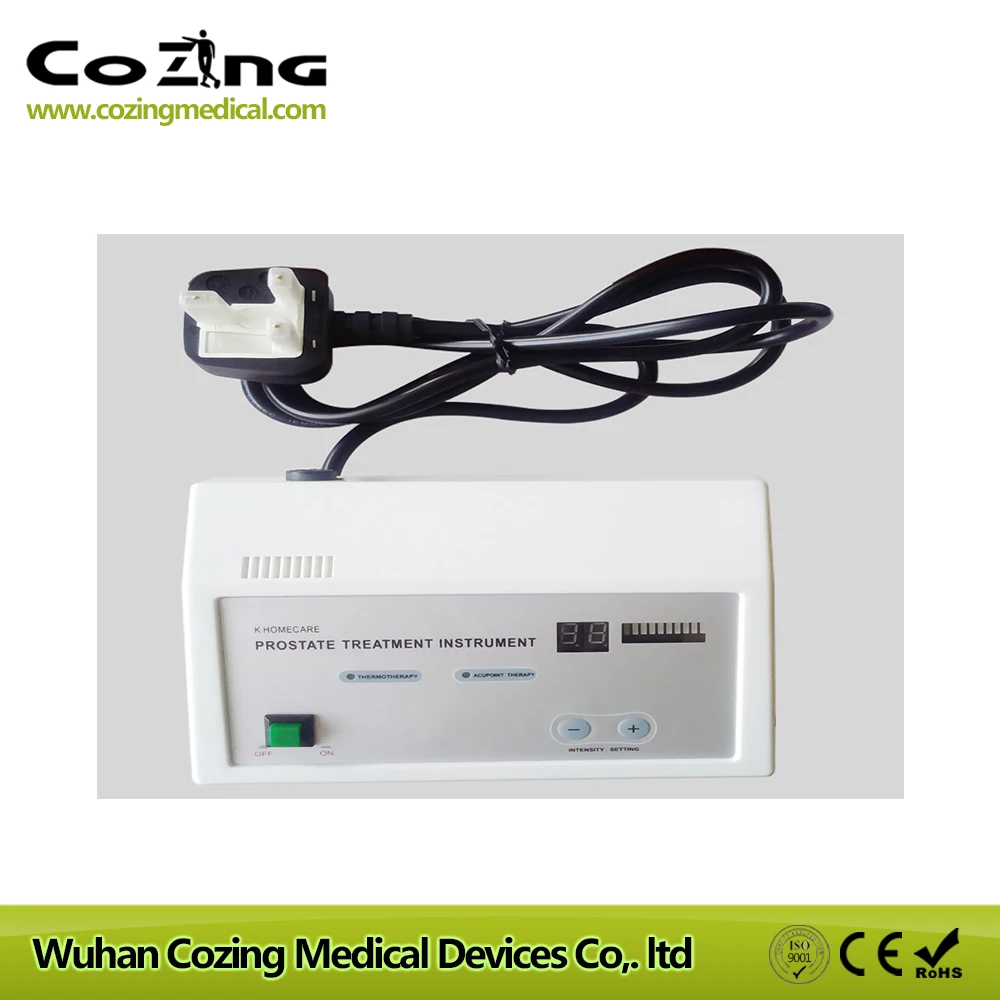 Электрическая миостимулятор машина простаты порно Здоровье и гигиена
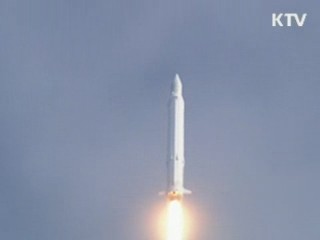 한-러, 나로호 실패 공동조사 실시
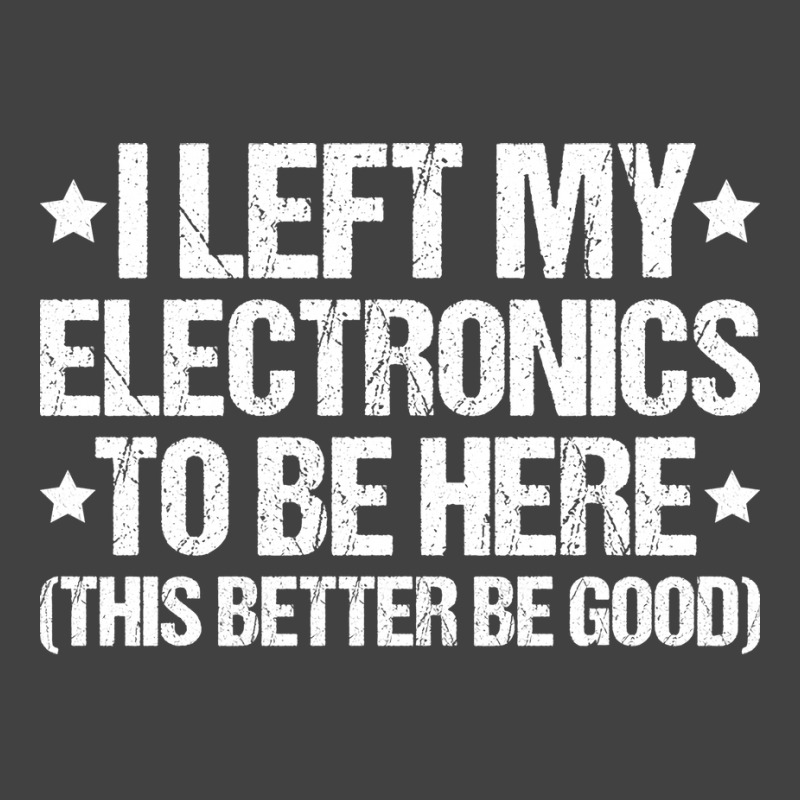 Electrician Lineman Wireman Electronics Technician Vintage T-shirt | Artistshot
============
From the first line to the last, copy the listing above exactly, dropping all images.

§ **Task solution**
 Электрическая миостимулятор машина простаты порно Здоровье и гигиена
 한-러, 나로호 실패 공동조사 실시
 Electrician Lineman Wireman Electronics Technician Vintage T-shirt | Artistshot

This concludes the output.